Segunda incursão de Michel Piccoli na
realização
"A Praia Negra" abriu ontem
a Semana da Crítica
Marta Fernandes
Sexta-feira, 11 de Maio de 2001
O filme "A Praia Negra", do actor francês
Michel Piccoli, abriu ontem a Semana da Crítica no Festival
Internacional de Cinema de Cannes. É uma dissertação em imagens
sobre o duplo exílio de um homem e, depois de "Alors Voilà",
é a segunda incursão de Piccoli, de 75 anos, na realização.
"A Praia Negra" conta a história de um
escritor militante, perseguido pelas suas recordações, que
vive num exílio interior. É permanentemente assombrado por
visões dos seus amigos mortos, dos seus medos, das ameaças
de que foi vítima no passado.
A democracia chegou ao seu país, depois
de anos de ditadura. O filme não especifica de que país se
trata; é um país imaginário, uma mistura de Europa e da América
Latina. Mas a democracia que o país conquistou é unicamente
uma política de palavra, uma vez que os métodos da ditadura
continuam lá: as mortes, os desaparecimentos, a lei do silêncio.
Sylvie, a mulher do escritor, é jornalista.
Regressa a Paris para escrever sobre a democracia em reconstrução
no seu país. Entretanto, o escritor deixa as chaves do seu
apartamento a Emma - um antigo amor da juventude, companheira
de militância - e parte com Joyce, a filha, para a Praia Negra,
o sítio onde passou a infância. São aliás estas três mulheres
(Sylvie, Emma e Joyce) que representam os únicos laços do
escritor com o real, a única coisa que o liga à vida.
Mas já não há saída no deserto da praia
em frente ao mar, junto a uma pequena vila com traços portugueses
ou espanhóis. Como conta Piccoli, na nota de intenções, "nesta
Praia Negra, não é a verdade geográfica que interessa, mas
sim a do símbolo concreto. O essencial encontra-se nos abismos
deste homem, no seu amor louco pela mulher, no seu amor pela
filha".
A crítica acolheu com surpresa o filme
de Piccoli e não poupou elogios. O "Le Monde" diz do célebre
actor que é "um grande cineasta, que pulveriza as convenções
do filme de denúncia, do romance politicamente correcto".
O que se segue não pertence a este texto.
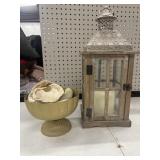 A rustic farmhouse lantern and Accent Decor Lita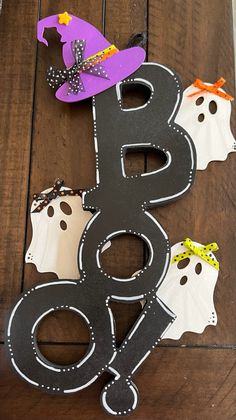 a wooden table topped with halloween decorations and paper cut outs on top of each other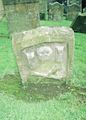 An old tombstone with skull, cross-bones and a timer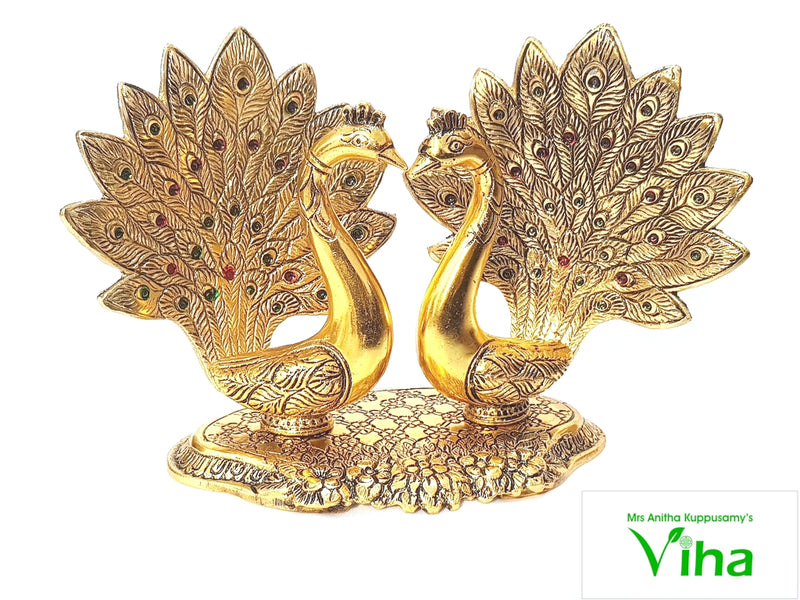 Double Peacock (Showpiece), two gold-toned peacocks with spread, textured tail feathers set with red and green stones, facing each other on an oval base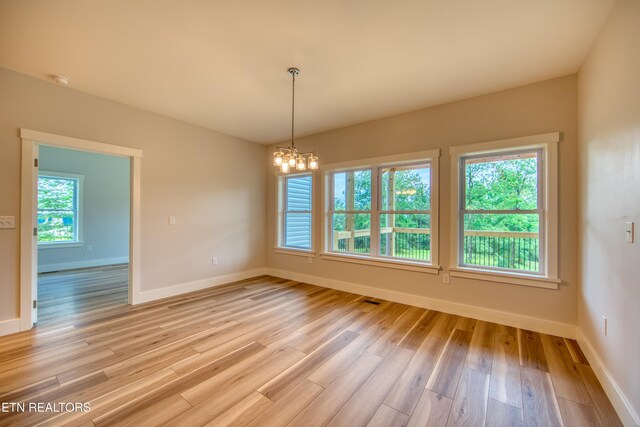 760 Rockview Rd, Jamestown, TN 38556 - unfurnished room featuring plenty of natural light, a chandelier, and light wood-type flooring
"Piccoli confirma [com "A Praia Negra"] tudo o que já tinha
mostrado na sua esplêndida primeira longa-metragem, "Alors
Voilà", em 1997: a partir dos materias próprios do cinema,
a luz e o tempo, o corpo e a voz dos actores, ele estabelece
a sua capacidade de construir universos que, numa estilização
extrema, reúnem uma perturbadora verdade", escreve o crítico
Jean-Michel Frodon no vespertino parisiense.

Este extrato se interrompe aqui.